Santi Romano, già allievo di Vittorio Emanuele Orlando”, nel 1916, pubblicò “L’ordinamento giuridico”1 che costituì la più organica sistematizzazione teorica dell’indirizzo antipositivista. Romano partiva dall’affermazione per la quale diritto non è solo l’insieme delle regole, ma include un antestante, di cui le regole sono solo l’espressione e questo antestante sono i rapporti sociali: ubi societas ivi jus. La società è comunque capace di autoregolarsi, anche senza produrre norme esplicite che, peraltro, prima di essere scritte, sono state consuetudinarie. Esse sono il prodotto della cultura che tiene insieme l’aggregato sociale. Romano a differenza di Jellinek, dal quale, pure era influenzato) non identifica con la sola decisione politica l’antestante che considera interno al diritto come suo momento fondativo. D’altro canto, la norma è sempre in ritardo sul fatto ed ha costantemente bisogno di essere “interpretata evolutivamente”2, dunque la norma è parte di un processo che nasce prima della sua elaborazione e finisce con l’interpretazione giurisprudenziale. È palese, in questo, tanto la radice del diritto romano che, come si sa, era essenzialmente giurisprudenziale piuttosto che normativo, quanto la contaminazione con la nascente sociologia giuridica.
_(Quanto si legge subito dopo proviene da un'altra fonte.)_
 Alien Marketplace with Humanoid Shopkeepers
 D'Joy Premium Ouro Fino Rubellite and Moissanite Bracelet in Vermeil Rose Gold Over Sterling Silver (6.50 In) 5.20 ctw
Per Romano, il diritto è una “secrezione spontanea” della società e si afferma in primo luogo come consuetudine, quindi come decisione, poi come norma positiva, infine come sua interpretazione giurisprudenziale e il tutto costituisce l’ordinamento giuridico.
Ma una volta affermata l’esistenza di un ordinamento giuridico come realtà di fatto, nulla impediva che potessero esistere e convivere più ordinamenti giuridici in rapporto di reciproca indifferenza o di integrazione reciproca o, ancora di reciproco contrasto. E’ abbastanza noto l’esempio che fa della Mafia che, nella sua opposizione all’ordinamento giuridico statale, tuttavia costituisce un suo ordinamento interno. Ma ovviamente, la parte più ampia del testo è dedicata all’esperienza storica della coesistenza fra ordinamento statale ed ordinamento ecclesiale. Quel pluralismo ordinamentale tipico della nostra storia nazionale.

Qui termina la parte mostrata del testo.